Copy out the data from the line containing "Collagen Shea Butter Hair Mask" to its last line, exactly. No pictures.

## [Information shown]
####################
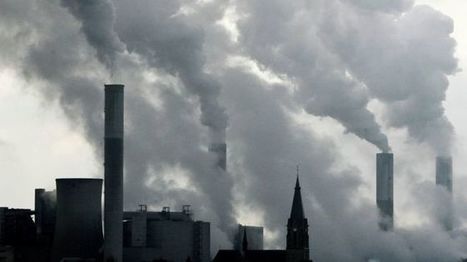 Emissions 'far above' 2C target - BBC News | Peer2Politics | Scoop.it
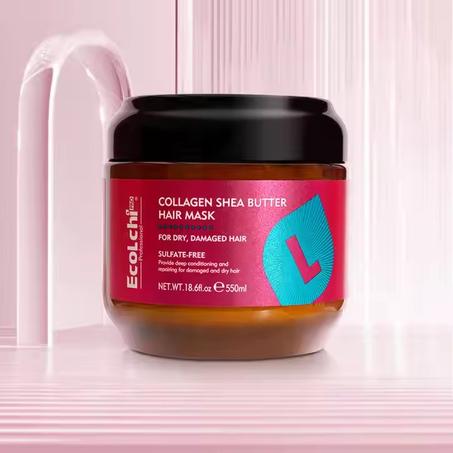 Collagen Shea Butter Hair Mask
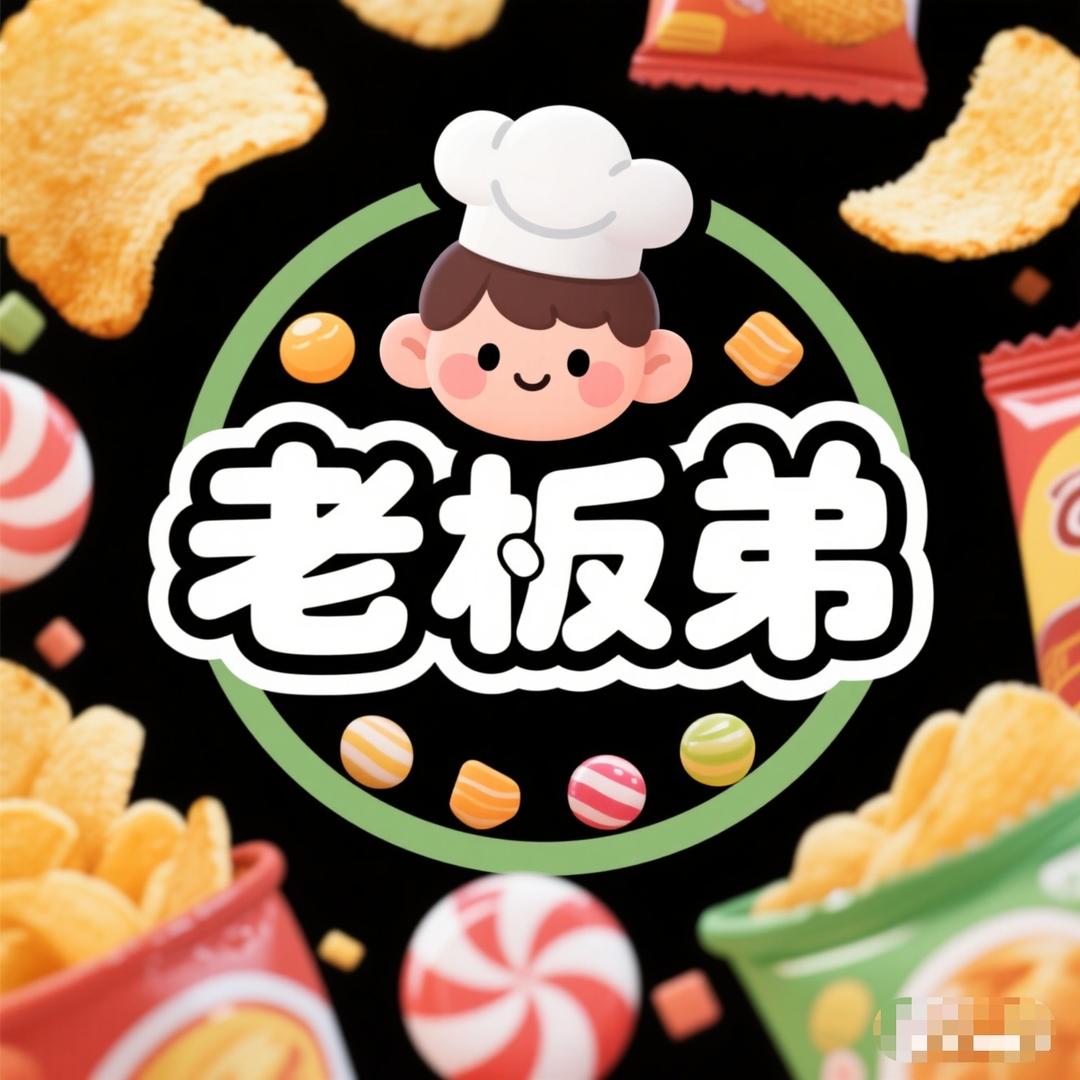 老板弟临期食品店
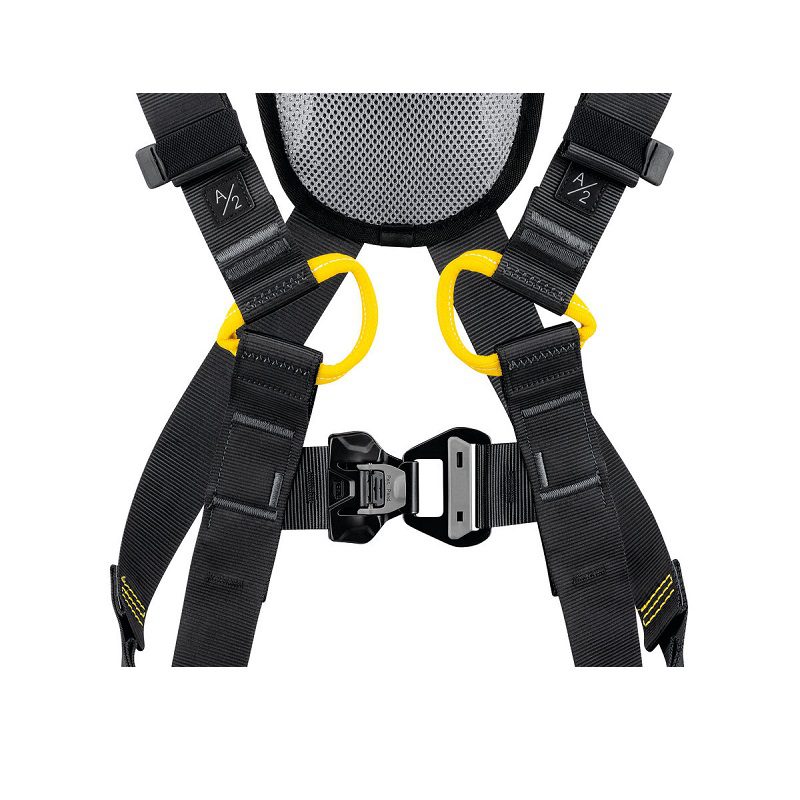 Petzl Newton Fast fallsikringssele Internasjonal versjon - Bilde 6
####################
## [Result]
 Collagen Shea Butter Hair Mask
 老板弟临期食品店
 Petzl Newton Fast fallsikringssele Internasjonal versjon - Bilde 6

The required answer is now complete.